Flu is at epidemic level across state

Posted January 31, 2018 at 9:26 am

A serious, sometimes deadly strain of the flu virus reached the epidemic level, state officials reported last Wednesday, January 24.

“Widespread influenza activity means that Kentuckians are more likely to encounter one or more persons spreading influenza virus at work, at school, while shopping, while traveling, at athletic and entertainment events, and in places of worship,” said acting Department of Public Health Commissioner Jeffrey D. Howard in a news release issued to news outlets.

In Clinton County, residents of all ages have been battling the flu and flu like illnesses for several weeks now, with all ages being affected. At one point two weeks ago, classes in Clinton County schools were dismissed due to high absentee rates that were attributed to the flu and flu-like symptoms.

“A person who will develop influenza illness actually can transmit the virus to other persons beginning one day before their illness begins.”

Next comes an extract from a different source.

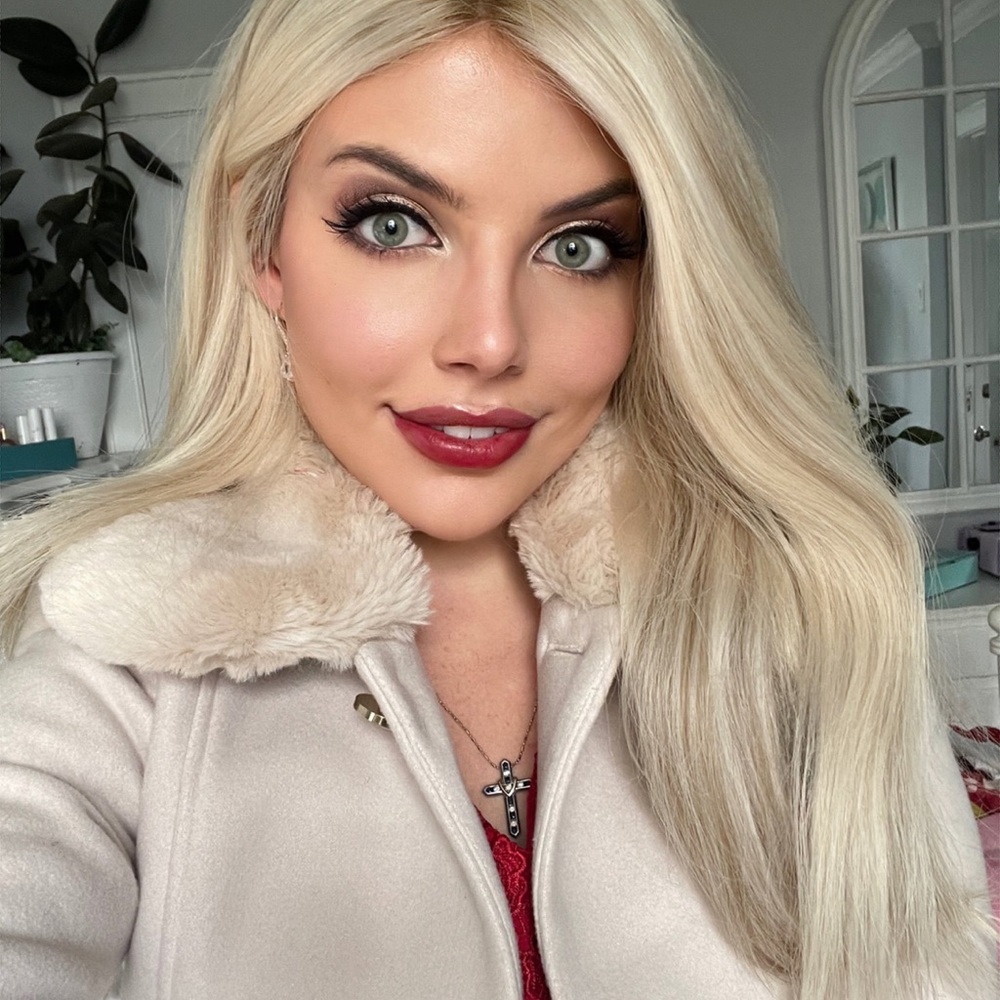 Chelsea Wig Co silk top lace front human hair platinum blonde wig 24 inches long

Howard stressed that the flu virus can affect generally healthy Kentuckians as well as those in higher risk categories.

Health officials invite the public to participate in a Facebook Live discussion about the flu on the CHFS Facebook page: https://www.facebook.com/kychfs/ Thursday night at 6 p.m. eastern, 5 p.m. central. You can submit flu questions beforehand to: chfs.communications@ky.gov or post your question in the comments section during the event.

As of last week, Kentucky was in the sixth consecutive week of widespread flu activity, which is the highest level of flu activity and indicates flu-like activity or flu outbreaks in at least one half of the regions in the state,” Howard said.

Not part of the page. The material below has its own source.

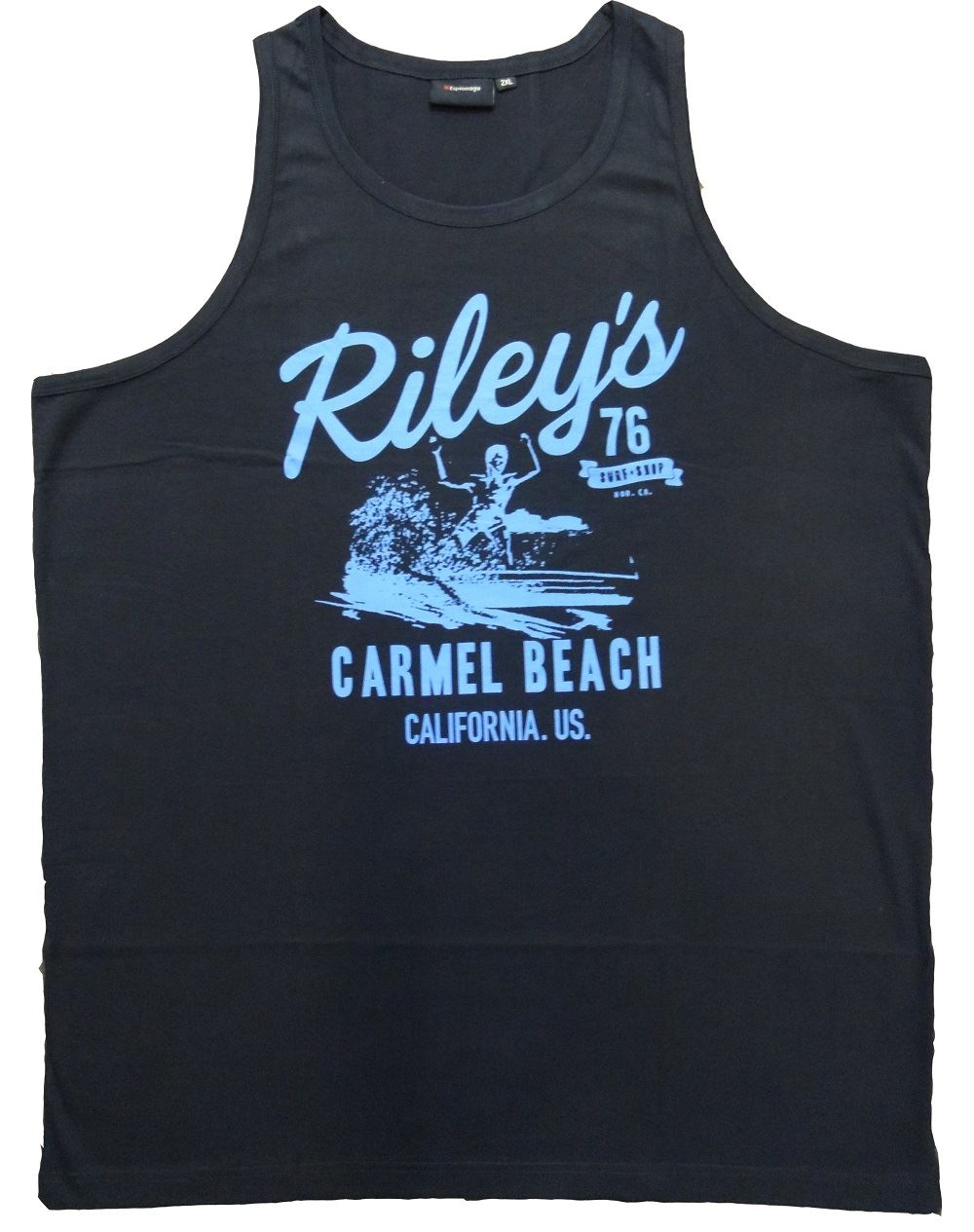 Espionage Combed Cotton Printed Muscle Vest (204) in Size 2XL to 8XL, 2 Options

The state (as of January 24) had reported 65 influenza associated deaths this season, which 78 percent were identified as influenza A. Of those deaths, seven percent occurred in previously healthy individuals with no reported risk factors for severe illness.

Healthy individuals with influenza will usually miss three to five days of work, school, or other usual activities, and sometimes may miss seven to 10 days. Infection with the flu virus can cause fever, headache, cough, sore throat, runny nose, sneezing and body aches.

“Pneumonia, bacterial stream infections and sepsis are examples of serious influenza related complications that may require hospitalization and sometimes result in death of healthy people with no known risk factors for serious illness,” said state Department for Public Health epidemiologist Jonathan Ballard.

Ballard said flu vaccination is “the most effective protection against flu.”

“We especially recommend that all healthy Kentuckians aged six and older be vaccinated,” he said. “The flu season typically runs until late spring so it is not too late to get vaccinated.”

The state said it takes about two weeks following the administration of the vaccine for the recipient to develop protection from the flu. There are ample supplies of vaccine available throughout the state.

Those who develop flu symptoms should seek medical advice to determine if they should be treated with an antiviral drug, which could shorten the course of the illness or reduce its severity.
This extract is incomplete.